While we mainly concentrated on better depth estimation, we also compared our pose networks with competing methods on the KITTI odometry dataset since the two tasks are inter-dependent. The KITTI odometry dataset contains 11 driving sequences with ground-truth poses available (and 11 sequences without ground-truth). We evaluated the pose error on sequences 09 and 10. Competing methods typically feed more frames to their pose network for improving their performance. We had observed that with the joint optical flow learning, the result of visual odometry would be improved. We measured the Absolute Trajectory Error (ATE) over N-frame snippets (N = 3 or 5), as measured in [10]. As showed in Table 2, our method outperformed other state-of-the-art approaches.

Table 3. Ablation studies. Results for different variants of our model trained on KITTI 2015 [8] using the Eigen split.

4.3 Ablation Studies

To verify how each component of our model contributed to the overall performance, we performed ablation studies by changing various components of our model based on and listed the results in Table 3. The study was performed on the Eigen split for better comparison. We see that each component of our model could promote the estimation performance of the baseline model [10], and all our components combined lead to a significant improvement. As expected, integrating stereo information into a monocular model could increase accuracy.

Benefits of the cascaded structure by cycle learning strategy for depth estimation.

We also compared our only depth estimation model with the jointly depth-pose and TVNet learning framework with zero initialization. Our method performed better than the model that simply jointed training three networks together on the KITTI Eigen split dataset. We further verified that the cycle learning could address the mismatching problem which could be reflected by the end-to-end point error.

Effect of the weighted semantic guided smoothness loss.

We saw that the weighted semantic guided smoothness loss could not only achieve improvement of the quantitative results than the edge-aware first order smooth loss and the second-order smooth loss, the qualified results could also be better improved. Semantic information could improve depth estimation in all cases.

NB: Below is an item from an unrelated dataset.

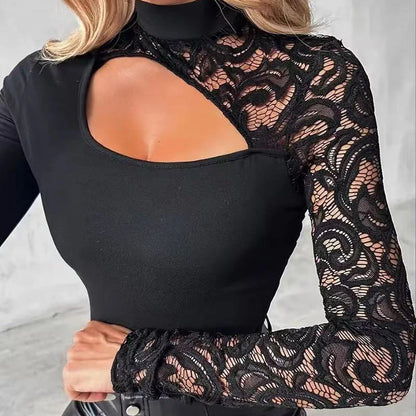 👚 Dámský top s asymetrickým výstřihem a krajkou!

More specifically, we applied the exact network architecture of Godard et al. [9] that predicted the disparity maps for stereo views from a monocular image by randomly using the left or right view as input instead of only using the left image as input, which would solve the problem of unawareness of structural information from the other view, and promoted the depth and pose estimation.

5 Conclusions

In this paper, we have presented a self-supervised semantic and optical flow-guided depth-pose learning pipeline from stereo sequences with an unknown stereo pose. This framework takes full advantage of the constraints on the unlabeled stereo and temporal image pairs by predicting stereo disparity maps from a monocular image. Furthermore, we import the explainable TVNet into the self-supervised depth-pose learning and construct a cascaded structure with a cycle learning strategy for better depth-pose and optical flow learning. Finally, we propose a weighted semantic guided smoothness loss to treat the foreground objects and background region differently for predicting more natural and reasonable depth maps. Experiments show that our method can exceed the existing self-supervised method, and can generalize well to the unseen dataset.